# [Task directions]
Starting at the line below holding "Used 2019 Ford" and stopping at the line holding "aerie knit love", print every line exactly, both ends included, and leave the rest out.

(Data items)
***
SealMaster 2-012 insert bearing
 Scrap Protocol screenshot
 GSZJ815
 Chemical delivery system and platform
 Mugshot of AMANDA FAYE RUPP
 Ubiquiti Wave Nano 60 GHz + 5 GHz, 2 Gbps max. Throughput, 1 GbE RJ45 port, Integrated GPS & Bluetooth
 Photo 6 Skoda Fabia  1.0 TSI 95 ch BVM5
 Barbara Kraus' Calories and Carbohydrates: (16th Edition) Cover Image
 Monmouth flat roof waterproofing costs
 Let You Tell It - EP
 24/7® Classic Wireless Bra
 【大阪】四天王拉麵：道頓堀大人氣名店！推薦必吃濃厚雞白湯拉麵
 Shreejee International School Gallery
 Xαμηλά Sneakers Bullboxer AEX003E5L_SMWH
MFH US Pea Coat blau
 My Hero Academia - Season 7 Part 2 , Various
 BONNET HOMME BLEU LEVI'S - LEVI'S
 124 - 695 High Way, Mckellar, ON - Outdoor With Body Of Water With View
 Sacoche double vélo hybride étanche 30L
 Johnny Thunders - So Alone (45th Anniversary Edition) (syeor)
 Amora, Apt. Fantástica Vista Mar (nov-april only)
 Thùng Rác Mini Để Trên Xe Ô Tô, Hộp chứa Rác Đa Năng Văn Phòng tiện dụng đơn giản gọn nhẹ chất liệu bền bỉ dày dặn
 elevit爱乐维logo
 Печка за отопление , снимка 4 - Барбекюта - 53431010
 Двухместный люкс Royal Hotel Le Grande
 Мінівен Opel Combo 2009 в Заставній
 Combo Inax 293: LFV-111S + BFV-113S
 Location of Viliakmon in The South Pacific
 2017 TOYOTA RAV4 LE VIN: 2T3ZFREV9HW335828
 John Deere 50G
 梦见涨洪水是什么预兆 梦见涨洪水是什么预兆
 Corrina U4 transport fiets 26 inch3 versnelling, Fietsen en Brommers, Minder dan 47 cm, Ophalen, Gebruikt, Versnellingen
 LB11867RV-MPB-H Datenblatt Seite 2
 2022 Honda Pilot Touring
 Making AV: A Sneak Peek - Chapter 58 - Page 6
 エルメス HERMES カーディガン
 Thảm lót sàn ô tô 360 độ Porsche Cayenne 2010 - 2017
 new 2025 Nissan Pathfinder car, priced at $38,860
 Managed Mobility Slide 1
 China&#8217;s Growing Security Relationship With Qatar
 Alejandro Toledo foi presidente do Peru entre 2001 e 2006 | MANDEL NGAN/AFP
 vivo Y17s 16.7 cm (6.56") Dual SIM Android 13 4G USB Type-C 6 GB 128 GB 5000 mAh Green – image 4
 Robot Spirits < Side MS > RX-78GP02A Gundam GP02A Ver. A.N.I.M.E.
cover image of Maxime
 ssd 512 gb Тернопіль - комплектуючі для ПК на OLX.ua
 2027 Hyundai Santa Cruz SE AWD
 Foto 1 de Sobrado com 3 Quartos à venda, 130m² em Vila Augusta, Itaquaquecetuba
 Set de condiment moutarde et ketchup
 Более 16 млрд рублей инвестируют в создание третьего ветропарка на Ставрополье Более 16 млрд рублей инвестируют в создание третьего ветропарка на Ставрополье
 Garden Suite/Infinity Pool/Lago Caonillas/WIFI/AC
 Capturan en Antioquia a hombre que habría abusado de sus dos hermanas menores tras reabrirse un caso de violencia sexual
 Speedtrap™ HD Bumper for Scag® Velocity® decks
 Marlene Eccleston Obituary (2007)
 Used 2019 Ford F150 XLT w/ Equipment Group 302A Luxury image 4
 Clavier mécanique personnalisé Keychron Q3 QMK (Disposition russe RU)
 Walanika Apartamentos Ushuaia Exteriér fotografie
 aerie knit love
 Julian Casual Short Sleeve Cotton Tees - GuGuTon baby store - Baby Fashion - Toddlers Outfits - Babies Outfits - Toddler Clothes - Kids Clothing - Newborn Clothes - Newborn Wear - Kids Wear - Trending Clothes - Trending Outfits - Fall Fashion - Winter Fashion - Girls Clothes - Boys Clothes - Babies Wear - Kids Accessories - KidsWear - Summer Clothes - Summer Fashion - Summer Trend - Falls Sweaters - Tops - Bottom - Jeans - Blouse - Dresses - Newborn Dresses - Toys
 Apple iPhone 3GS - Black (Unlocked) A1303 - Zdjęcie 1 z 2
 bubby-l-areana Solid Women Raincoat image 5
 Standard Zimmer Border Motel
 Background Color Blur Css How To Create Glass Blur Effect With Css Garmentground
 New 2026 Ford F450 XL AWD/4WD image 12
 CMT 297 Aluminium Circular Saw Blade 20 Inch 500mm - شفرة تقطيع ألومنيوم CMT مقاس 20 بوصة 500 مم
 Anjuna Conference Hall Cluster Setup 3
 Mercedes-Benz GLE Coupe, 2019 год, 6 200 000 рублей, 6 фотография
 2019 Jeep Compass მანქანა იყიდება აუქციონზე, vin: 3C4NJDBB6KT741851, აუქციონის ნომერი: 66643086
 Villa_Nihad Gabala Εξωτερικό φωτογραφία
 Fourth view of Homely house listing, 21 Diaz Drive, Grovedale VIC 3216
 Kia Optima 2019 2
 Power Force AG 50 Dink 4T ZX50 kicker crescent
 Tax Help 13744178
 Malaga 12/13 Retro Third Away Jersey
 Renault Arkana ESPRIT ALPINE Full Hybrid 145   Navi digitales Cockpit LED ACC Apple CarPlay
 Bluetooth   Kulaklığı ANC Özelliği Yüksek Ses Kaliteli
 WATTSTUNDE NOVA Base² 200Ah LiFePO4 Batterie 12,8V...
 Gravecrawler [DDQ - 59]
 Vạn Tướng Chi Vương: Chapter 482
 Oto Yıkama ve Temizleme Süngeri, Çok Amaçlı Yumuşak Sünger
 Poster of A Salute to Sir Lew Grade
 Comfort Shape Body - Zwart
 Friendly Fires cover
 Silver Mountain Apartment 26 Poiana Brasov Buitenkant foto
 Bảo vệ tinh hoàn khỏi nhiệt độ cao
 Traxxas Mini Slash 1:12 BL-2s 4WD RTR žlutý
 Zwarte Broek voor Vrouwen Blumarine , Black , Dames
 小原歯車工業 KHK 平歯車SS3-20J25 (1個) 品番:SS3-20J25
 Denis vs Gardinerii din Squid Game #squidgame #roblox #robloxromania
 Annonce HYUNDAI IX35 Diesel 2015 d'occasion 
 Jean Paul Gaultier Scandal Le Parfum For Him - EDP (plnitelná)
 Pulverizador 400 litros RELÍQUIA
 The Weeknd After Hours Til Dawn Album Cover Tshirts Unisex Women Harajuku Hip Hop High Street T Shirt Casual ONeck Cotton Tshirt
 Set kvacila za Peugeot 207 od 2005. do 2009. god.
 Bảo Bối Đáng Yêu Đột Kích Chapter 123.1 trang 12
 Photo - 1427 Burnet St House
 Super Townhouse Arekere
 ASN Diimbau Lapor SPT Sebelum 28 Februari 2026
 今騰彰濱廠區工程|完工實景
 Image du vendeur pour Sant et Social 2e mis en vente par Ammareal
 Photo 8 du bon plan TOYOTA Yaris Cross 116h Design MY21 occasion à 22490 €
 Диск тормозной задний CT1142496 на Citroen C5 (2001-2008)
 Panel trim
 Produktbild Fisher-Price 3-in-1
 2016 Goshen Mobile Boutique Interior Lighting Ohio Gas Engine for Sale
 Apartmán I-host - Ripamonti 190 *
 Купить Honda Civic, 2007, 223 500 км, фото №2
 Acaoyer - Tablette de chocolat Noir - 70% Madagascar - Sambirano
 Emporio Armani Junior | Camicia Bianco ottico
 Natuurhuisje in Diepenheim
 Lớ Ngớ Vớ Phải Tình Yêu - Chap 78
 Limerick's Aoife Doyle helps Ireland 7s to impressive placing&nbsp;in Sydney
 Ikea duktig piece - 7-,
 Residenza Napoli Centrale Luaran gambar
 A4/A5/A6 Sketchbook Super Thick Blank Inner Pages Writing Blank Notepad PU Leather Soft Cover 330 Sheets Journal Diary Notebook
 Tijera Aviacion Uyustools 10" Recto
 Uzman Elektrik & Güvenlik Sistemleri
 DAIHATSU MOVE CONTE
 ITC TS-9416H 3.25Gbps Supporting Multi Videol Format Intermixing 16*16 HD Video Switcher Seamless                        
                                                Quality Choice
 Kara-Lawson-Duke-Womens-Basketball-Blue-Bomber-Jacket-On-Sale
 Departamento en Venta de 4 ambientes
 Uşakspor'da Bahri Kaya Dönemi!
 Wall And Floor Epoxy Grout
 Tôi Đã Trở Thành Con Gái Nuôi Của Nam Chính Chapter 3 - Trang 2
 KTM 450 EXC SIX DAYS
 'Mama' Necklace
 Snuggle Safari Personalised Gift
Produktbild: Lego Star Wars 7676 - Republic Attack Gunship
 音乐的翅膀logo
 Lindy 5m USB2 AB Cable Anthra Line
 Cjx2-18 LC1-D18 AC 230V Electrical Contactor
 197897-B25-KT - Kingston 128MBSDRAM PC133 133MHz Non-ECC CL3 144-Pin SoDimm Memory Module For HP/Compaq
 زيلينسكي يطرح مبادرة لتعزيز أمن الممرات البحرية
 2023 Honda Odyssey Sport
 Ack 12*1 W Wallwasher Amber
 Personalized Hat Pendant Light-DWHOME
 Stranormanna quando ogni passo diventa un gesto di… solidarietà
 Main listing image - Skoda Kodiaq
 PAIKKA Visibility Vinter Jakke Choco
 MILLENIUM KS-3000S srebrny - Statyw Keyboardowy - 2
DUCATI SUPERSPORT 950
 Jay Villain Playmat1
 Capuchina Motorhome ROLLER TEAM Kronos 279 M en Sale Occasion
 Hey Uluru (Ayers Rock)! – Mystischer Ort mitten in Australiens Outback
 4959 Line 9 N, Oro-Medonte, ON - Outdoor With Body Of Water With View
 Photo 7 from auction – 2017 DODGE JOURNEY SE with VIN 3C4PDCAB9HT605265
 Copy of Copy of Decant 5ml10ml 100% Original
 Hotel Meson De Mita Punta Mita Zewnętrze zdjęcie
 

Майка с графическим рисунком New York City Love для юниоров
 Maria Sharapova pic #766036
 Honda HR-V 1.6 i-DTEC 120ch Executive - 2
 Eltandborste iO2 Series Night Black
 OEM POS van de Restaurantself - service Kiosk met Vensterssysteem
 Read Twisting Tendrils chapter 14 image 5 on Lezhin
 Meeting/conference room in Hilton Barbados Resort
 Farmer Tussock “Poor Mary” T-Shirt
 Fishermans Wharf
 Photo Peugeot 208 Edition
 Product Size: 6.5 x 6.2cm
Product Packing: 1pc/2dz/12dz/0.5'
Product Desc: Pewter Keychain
***
# [Worked solution]
 Used 2019 Ford F150 XLT w/ Equipment Group 302A Luxury image 4
 Clavier mécanique personnalisé Keychron Q3 QMK (Disposition russe RU)
 Walanika Apartamentos Ushuaia Exteriér fotografie
 aerie knit love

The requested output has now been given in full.